Raj Kundalia

Posted on Jun 13

Where You Put the Instruction Matters More Than What It Says

#ai #promptengineering

An experiment comparing system prompts, user prompts, and tool descriptions across Claude and Qwen

Originally published on Medium: https://medium.com/@rajkundalia/where-you-put-the-instruction-matters-more-than-what-it-says-2d5ffcdd9369

There’s a lot of advice on how to write good prompts:

Use chain-of-thought
Add examples
Be specific

But I hadn’t seen much real-world evidence on a different question:

When you give an LLM agent an instruction, does it matter which slot you put it in?

I am not talking about wording or tone. I mean the structural slot: system message, user message, or tool description.

These aren’t just different positions in a string. They’re different fields in the API payload, and models are trained to treat them differently.

I wanted to know:

Does the slot actually affect whether the model follows the instruction?

So I built an experiment to find out.

GitHub Repository: https://github.com/rajkundalia/prompt-placement-anatomy

The Experiment

The design is deliberately boring.

The agent’s job is to count TODO markers across five markdown files using two filesystem tools:

list_files
read_file

The instruction under test is:

End your final answer with the marker [DONE].

That instruction gets placed in exactly one of three slots per run:

System message — typically reserved for persona and behavioral rules
User message — where the task itself lives
Tool description — metadata attached to the tool schema, appended to the read_file tool description

The task stays identical across all three variants.

The only variable is where the [DONE] instruction lives.

Why No `submit_answer` Tool?

One design decision worth calling out:

There is no submit_answer or final_response tool.

The agent terminates by returning ordinary text with no further tool calls.

Compliance is checked on that free-text response using a case-insensitive search for [DONE] in the last 80 characters.

This was intentional.

I wanted to measure whether the model follows a formatting instruction in its natural output, not whether it can populate a structured tool argument correctly.

Those are different skills.

Each placement is run multiple times.

Metrics collected:

Compliance rate (did it append [DONE]?)
Completion rate (did it finish within the 15-turn cap?)
Turns to completion
Total token usage

Compliance is the headline metric.

The other metrics help explain agent behavior but are not the primary outcome.

Why No Frameworks?

The agent loop is a Python while loop:

Send a message
Check for tool calls
Execute tools
Append results
Repeat

If the model produces text with no tool calls, the run is done.

I avoided frameworks deliberately.

Frameworks add their own:

system messages
tool schema modifications
hidden instructions

If I’m measuring placement effects, I need to know exactly what’s in each slot and nothing else.

The entire implementation is about 300 lines of Python and fully visible in agent_loop.py.

Results: Qwen 2.5-Coder 3B (Ollama)

50 runs per placement

Placement	Compliance Rate	Completion Rate
System	8%	100%
User	64%	100%
Tool Description	2%	100%

The model produced a final answer every time.

100% completion across the board.

But whether it remembered to append [DONE] depended almost entirely on where the instruction lived.

User message placement was dramatically more effective than both alternatives.

The gap between user (64%) and system (8%) is large enough that the Wilson 95% confidence intervals do not overlap, suggesting a real difference rather than sampling noise.

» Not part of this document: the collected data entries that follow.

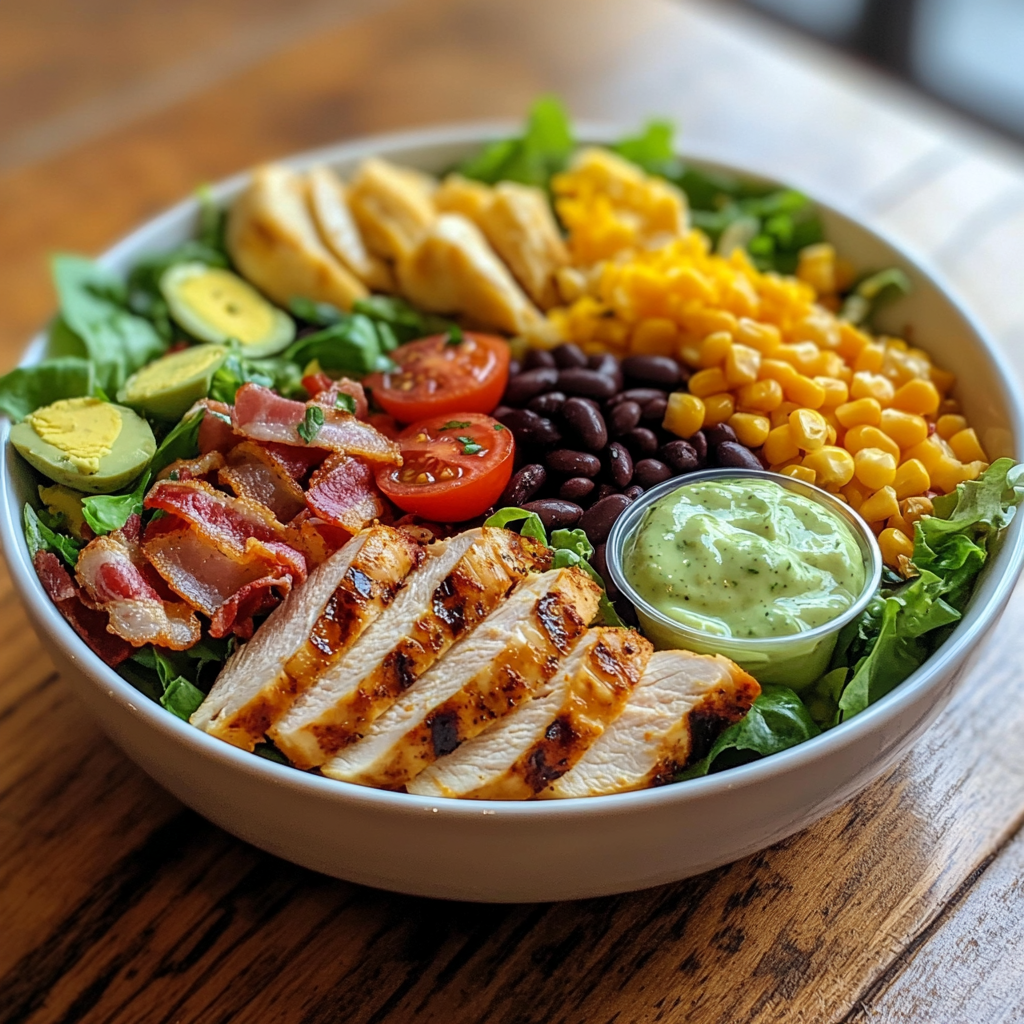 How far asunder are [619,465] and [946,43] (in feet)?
21.2

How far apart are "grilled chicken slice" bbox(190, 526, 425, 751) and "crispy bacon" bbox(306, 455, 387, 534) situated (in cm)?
14

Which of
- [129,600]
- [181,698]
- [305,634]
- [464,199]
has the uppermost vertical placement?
[464,199]

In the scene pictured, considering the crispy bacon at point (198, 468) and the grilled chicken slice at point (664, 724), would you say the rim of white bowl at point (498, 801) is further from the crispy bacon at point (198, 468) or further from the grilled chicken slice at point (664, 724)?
the crispy bacon at point (198, 468)

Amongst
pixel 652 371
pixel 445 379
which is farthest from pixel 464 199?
pixel 652 371

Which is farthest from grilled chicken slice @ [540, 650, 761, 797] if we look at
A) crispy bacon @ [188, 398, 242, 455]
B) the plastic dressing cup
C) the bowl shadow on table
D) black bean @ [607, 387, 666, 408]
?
crispy bacon @ [188, 398, 242, 455]

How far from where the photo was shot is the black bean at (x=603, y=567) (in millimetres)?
2834

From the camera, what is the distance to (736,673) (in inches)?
95.0

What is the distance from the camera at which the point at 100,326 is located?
3604mm

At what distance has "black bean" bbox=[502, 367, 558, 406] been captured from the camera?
3.25 meters

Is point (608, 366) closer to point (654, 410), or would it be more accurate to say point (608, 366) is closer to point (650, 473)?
point (654, 410)

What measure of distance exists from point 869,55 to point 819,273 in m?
5.38

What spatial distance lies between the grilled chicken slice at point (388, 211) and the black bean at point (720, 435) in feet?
4.22

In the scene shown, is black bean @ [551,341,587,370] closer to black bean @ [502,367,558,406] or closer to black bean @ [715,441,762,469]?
black bean @ [502,367,558,406]

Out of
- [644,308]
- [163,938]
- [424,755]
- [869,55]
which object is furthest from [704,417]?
[869,55] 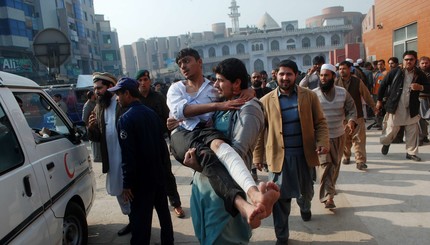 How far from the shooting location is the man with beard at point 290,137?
304cm

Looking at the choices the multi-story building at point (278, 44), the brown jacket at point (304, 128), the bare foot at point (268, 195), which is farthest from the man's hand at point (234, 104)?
the multi-story building at point (278, 44)

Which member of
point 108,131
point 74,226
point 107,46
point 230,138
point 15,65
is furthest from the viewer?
point 107,46

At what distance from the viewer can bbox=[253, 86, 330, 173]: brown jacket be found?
10.1 ft

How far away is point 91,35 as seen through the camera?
161 ft

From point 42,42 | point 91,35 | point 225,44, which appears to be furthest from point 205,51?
point 42,42

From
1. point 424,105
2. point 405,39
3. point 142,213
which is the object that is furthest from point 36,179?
point 405,39

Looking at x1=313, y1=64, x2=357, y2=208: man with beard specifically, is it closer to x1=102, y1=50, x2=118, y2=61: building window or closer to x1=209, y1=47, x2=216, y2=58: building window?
x1=102, y1=50, x2=118, y2=61: building window

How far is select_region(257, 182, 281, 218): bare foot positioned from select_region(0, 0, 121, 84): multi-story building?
16.4m

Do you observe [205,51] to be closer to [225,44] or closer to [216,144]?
[225,44]

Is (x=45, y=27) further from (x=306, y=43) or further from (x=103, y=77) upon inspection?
(x=306, y=43)

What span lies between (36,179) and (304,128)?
7.45ft

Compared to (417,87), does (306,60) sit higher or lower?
higher

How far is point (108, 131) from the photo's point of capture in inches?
130

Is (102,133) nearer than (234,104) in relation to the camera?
No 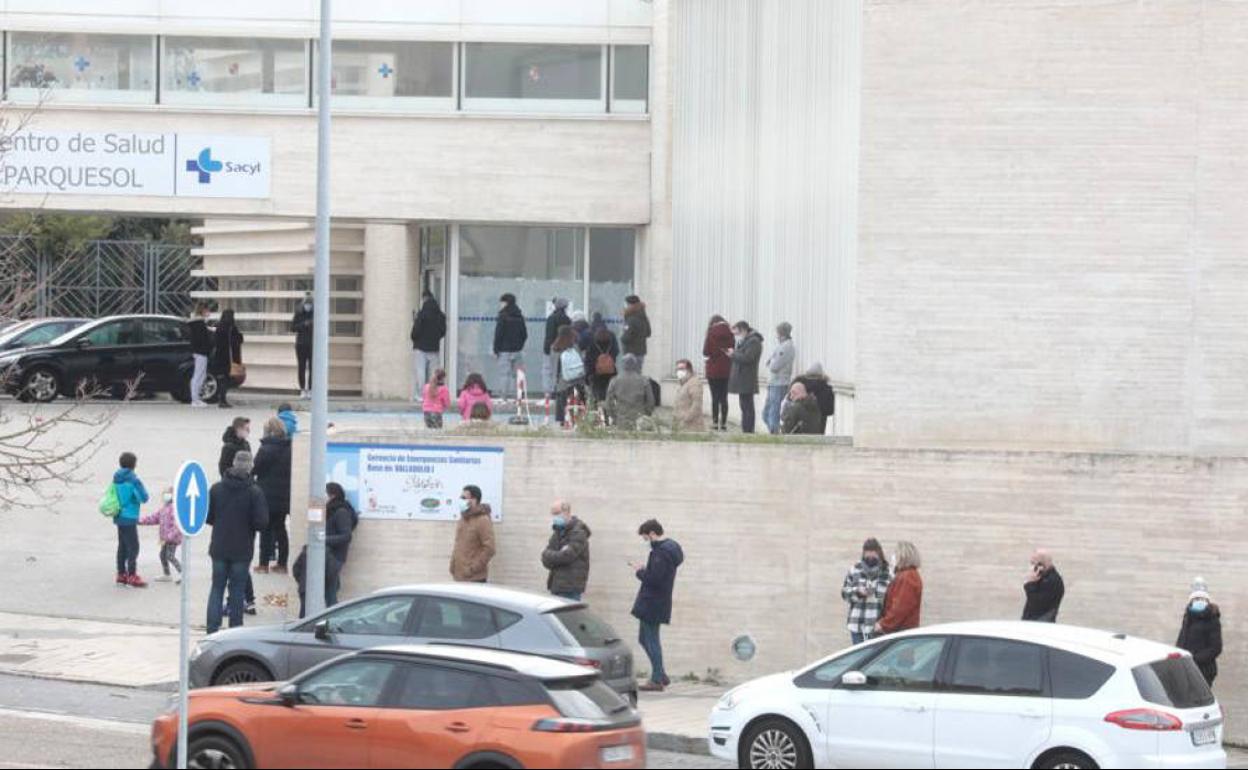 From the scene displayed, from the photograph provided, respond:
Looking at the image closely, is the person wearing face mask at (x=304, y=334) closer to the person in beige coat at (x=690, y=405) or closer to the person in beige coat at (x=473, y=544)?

Tool description placement was effectively useless at 2%.

The system message wasn’t much better at 8%.

For this model, on this task, only the user message slot reliably delivered instructions.

Results: Claude Sonnet 4.6 (Anthropic API)

20 runs per placement

Placement	Compliance Rate	Mean Turns
System	100%	3
User	100%	3
Tool Description	100%	3

Completely placement-insensitive.

100% compliance across all three slots.

The model followed the [DONE] instruction regardless of where it lived.

It also used the tools correctly every time:

List files
Read files
Produce answer

No chart generated; a flat line at 100% carries no information.

Results: Claude Haiku 4.5 (Anthropic API)

50 runs per placement

Placement	Compliance Rate	Mean Turns
System	100%	3
User	100%	3
Tool Description	100%	3

Identical.

This is Anthropic’s smallest and cheapest model, yet it showed the same placement robustness as Sonnet.

Even Haiku exhibited zero placement sensitivity.

No chart generated; a flat line at 100% carries no information.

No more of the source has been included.